**WORK INSTRUCTION**
In the entries that follow, find the line containing "Letras de oro" and the line containing "Neutrogena Hydro Boost+", then copy exactly everything from the first through the second except the pictures.

**PROVIDED RECORDS**
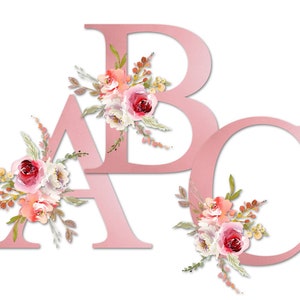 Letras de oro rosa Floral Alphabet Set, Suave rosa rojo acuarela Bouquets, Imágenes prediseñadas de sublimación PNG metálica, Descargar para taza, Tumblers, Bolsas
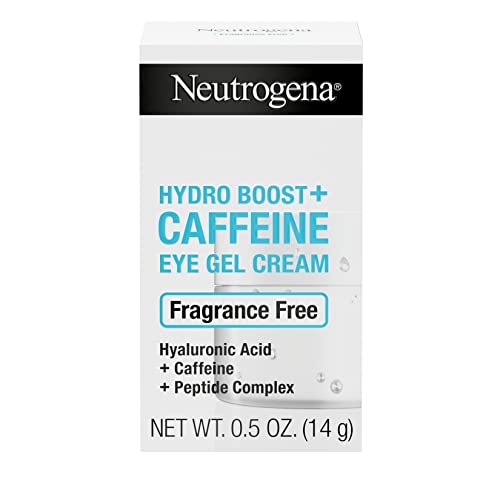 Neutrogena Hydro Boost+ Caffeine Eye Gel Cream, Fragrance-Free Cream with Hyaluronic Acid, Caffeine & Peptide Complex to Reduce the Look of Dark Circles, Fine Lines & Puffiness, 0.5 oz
* * *
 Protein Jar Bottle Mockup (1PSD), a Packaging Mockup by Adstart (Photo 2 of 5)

**SOLVED PROBLEM**
 Letras de oro rosa Floral Alphabet Set, Suave rosa rojo acuarela Bouquets, Imágenes prediseñadas de sublimación PNG metálica, Descargar para taza, Tumblers, Bolsas
 Neutrogena Hydro Boost+ Caffeine Eye Gel Cream, Fragrance-Free Cream with Hyaluronic Acid, Caffeine & Peptide Complex to Reduce the Look of Dark Circles, Fine Lines & Puffiness, 0.5 oz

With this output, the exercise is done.